Exercise goal: Below are entries to return in full. Keep each one exact.
----
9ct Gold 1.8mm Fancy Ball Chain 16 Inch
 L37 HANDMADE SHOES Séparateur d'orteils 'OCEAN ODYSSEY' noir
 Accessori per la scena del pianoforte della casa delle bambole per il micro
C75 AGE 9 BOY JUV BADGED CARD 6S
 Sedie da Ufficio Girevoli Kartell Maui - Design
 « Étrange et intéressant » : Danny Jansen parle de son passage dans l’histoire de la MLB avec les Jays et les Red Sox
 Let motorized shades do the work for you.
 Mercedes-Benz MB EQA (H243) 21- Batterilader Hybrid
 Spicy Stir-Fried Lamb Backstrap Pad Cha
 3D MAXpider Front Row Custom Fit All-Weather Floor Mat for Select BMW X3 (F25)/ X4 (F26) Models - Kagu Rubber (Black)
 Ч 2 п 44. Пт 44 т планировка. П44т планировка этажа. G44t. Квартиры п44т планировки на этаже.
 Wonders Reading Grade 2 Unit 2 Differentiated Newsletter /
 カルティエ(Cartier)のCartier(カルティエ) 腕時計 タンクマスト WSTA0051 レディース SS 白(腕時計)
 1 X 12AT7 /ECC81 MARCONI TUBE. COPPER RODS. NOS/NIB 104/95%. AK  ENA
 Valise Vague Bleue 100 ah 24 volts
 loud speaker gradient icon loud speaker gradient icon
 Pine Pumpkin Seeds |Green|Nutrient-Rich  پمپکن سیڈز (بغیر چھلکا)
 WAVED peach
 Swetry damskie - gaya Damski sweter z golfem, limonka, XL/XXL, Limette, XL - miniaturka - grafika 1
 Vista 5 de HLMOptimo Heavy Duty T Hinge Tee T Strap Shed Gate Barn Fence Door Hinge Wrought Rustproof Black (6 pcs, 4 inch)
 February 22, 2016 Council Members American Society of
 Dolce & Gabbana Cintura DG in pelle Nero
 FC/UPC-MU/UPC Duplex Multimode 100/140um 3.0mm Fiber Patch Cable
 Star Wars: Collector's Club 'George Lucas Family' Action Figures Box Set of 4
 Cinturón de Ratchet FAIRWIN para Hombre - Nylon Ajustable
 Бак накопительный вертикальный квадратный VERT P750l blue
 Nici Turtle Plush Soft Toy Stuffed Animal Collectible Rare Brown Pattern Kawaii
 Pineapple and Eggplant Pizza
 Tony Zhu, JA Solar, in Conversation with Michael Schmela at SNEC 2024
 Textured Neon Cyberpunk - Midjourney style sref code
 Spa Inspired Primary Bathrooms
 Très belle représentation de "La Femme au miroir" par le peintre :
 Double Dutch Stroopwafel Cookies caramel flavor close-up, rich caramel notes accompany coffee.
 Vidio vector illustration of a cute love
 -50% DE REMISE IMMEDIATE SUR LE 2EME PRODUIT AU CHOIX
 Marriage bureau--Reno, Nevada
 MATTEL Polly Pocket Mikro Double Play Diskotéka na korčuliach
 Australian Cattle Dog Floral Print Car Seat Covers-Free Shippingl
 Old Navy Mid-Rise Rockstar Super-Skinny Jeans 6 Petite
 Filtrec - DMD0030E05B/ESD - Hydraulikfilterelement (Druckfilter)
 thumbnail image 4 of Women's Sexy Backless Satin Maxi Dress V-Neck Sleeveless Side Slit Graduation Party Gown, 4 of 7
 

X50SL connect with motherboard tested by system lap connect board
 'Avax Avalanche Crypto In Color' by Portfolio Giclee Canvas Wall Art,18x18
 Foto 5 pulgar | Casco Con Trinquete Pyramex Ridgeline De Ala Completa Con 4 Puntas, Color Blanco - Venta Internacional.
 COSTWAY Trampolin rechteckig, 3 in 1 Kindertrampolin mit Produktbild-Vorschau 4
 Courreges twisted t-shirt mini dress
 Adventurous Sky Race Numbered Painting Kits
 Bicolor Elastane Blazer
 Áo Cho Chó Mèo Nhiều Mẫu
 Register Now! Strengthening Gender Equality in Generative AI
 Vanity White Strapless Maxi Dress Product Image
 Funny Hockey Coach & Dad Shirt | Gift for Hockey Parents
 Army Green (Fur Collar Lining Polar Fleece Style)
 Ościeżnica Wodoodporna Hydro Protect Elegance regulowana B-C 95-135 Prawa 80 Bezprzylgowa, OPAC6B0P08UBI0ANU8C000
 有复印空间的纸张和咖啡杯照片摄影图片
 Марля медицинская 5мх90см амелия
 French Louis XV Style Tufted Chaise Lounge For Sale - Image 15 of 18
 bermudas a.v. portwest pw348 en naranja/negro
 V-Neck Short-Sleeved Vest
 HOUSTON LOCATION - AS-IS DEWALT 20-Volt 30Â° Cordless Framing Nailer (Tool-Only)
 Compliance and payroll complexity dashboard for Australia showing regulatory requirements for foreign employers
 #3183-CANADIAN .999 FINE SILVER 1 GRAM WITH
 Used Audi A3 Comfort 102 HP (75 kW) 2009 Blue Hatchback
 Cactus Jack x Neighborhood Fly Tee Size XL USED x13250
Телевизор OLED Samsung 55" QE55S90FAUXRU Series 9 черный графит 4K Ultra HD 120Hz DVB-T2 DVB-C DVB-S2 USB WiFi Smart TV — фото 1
----
Response:
9ct Gold 1.8mm Fancy Ball Chain 16 Inch
 L37 HANDMADE SHOES Séparateur d'orteils 'OCEAN ODYSSEY' noir
 Accessori per la scena del pianoforte della casa delle bambole per il micro
C75 AGE 9 BOY JUV BADGED CARD 6S
 Sedie da Ufficio Girevoli Kartell Maui - Design
 « Étrange et intéressant » : Danny Jansen parle de son passage dans l’histoire de la MLB avec les Jays et les Red Sox
 Let motorized shades do the work for you.
 Mercedes-Benz MB EQA (H243) 21- Batterilader Hybrid
 Spicy Stir-Fried Lamb Backstrap Pad Cha
 3D MAXpider Front Row Custom Fit All-Weather Floor Mat for Select BMW X3 (F25)/ X4 (F26) Models - Kagu Rubber (Black)
 Ч 2 п 44. Пт 44 т планировка. П44т планировка этажа. G44t. Квартиры п44т планировки на этаже.
 Wonders Reading Grade 2 Unit 2 Differentiated Newsletter /
 カルティエ(Cartier)のCartier(カルティエ) 腕時計 タンクマスト WSTA0051 レディース SS 白(腕時計)
 1 X 12AT7 /ECC81 MARCONI TUBE. COPPER RODS. NOS/NIB 104/95%. AK  ENA
 Valise Vague Bleue 100 ah 24 volts
 loud speaker gradient icon loud speaker gradient icon
 Pine Pumpkin Seeds |Green|Nutrient-Rich  پمپکن سیڈز (بغیر چھلکا)
 WAVED peach
 Swetry damskie - gaya Damski sweter z golfem, limonka, XL/XXL, Limette, XL - miniaturka - grafika 1
 Vista 5 de HLMOptimo Heavy Duty T Hinge Tee T Strap Shed Gate Barn Fence Door Hinge Wrought Rustproof Black (6 pcs, 4 inch)
 February 22, 2016 Council Members American Society of
 Dolce & Gabbana Cintura DG in pelle Nero
 FC/UPC-MU/UPC Duplex Multimode 100/140um 3.0mm Fiber Patch Cable
 Star Wars: Collector's Club 'George Lucas Family' Action Figures Box Set of 4
 Cinturón de Ratchet FAIRWIN para Hombre - Nylon Ajustable
 Бак накопительный вертикальный квадратный VERT P750l blue
 Nici Turtle Plush Soft Toy Stuffed Animal Collectible Rare Brown Pattern Kawaii
 Pineapple and Eggplant Pizza
 Tony Zhu, JA Solar, in Conversation with Michael Schmela at SNEC 2024
 Textured Neon Cyberpunk - Midjourney style sref code
 Spa Inspired Primary Bathrooms
 Très belle représentation de "La Femme au miroir" par le peintre :
 Double Dutch Stroopwafel Cookies caramel flavor close-up, rich caramel notes accompany coffee.
 Vidio vector illustration of a cute love
 -50% DE REMISE IMMEDIATE SUR LE 2EME PRODUIT AU CHOIX
 Marriage bureau--Reno, Nevada
 MATTEL Polly Pocket Mikro Double Play Diskotéka na korčuliach
 Australian Cattle Dog Floral Print Car Seat Covers-Free Shippingl
 Old Navy Mid-Rise Rockstar Super-Skinny Jeans 6 Petite
 Filtrec - DMD0030E05B/ESD - Hydraulikfilterelement (Druckfilter)
 thumbnail image 4 of Women's Sexy Backless Satin Maxi Dress V-Neck Sleeveless Side Slit Graduation Party Gown, 4 of 7
 

X50SL connect with motherboard tested by system lap connect board
 'Avax Avalanche Crypto In Color' by Portfolio Giclee Canvas Wall Art,18x18
 Foto 5 pulgar | Casco Con Trinquete Pyramex Ridgeline De Ala Completa Con 4 Puntas, Color Blanco - Venta Internacional.
 COSTWAY Trampolin rechteckig, 3 in 1 Kindertrampolin mit Produktbild-Vorschau 4
 Courreges twisted t-shirt mini dress
 Adventurous Sky Race Numbered Painting Kits
 Bicolor Elastane Blazer
 Áo Cho Chó Mèo Nhiều Mẫu
 Register Now! Strengthening Gender Equality in Generative AI
 Vanity White Strapless Maxi Dress Product Image
 Funny Hockey Coach & Dad Shirt | Gift for Hockey Parents
 Army Green (Fur Collar Lining Polar Fleece Style)
 Ościeżnica Wodoodporna Hydro Protect Elegance regulowana B-C 95-135 Prawa 80 Bezprzylgowa, OPAC6B0P08UBI0ANU8C000
 有复印空间的纸张和咖啡杯照片摄影图片
 Марля медицинская 5мх90см амелия
 French Louis XV Style Tufted Chaise Lounge For Sale - Image 15 of 18
 bermudas a.v. portwest pw348 en naranja/negro
 V-Neck Short-Sleeved Vest
 HOUSTON LOCATION - AS-IS DEWALT 20-Volt 30Â° Cordless Framing Nailer (Tool-Only)
 Compliance and payroll complexity dashboard for Australia showing regulatory requirements for foreign employers
 #3183-CANADIAN .999 FINE SILVER 1 GRAM WITH
 Used Audi A3 Comfort 102 HP (75 kW) 2009 Blue Hatchback
 Cactus Jack x Neighborhood Fly Tee Size XL USED x13250
Телевизор OLED Samsung 55" QE55S90FAUXRU Series 9 черный графит 4K Ultra HD 120Hz DVB-T2 DVB-C DVB-S2 USB WiFi Smart TV — фото 1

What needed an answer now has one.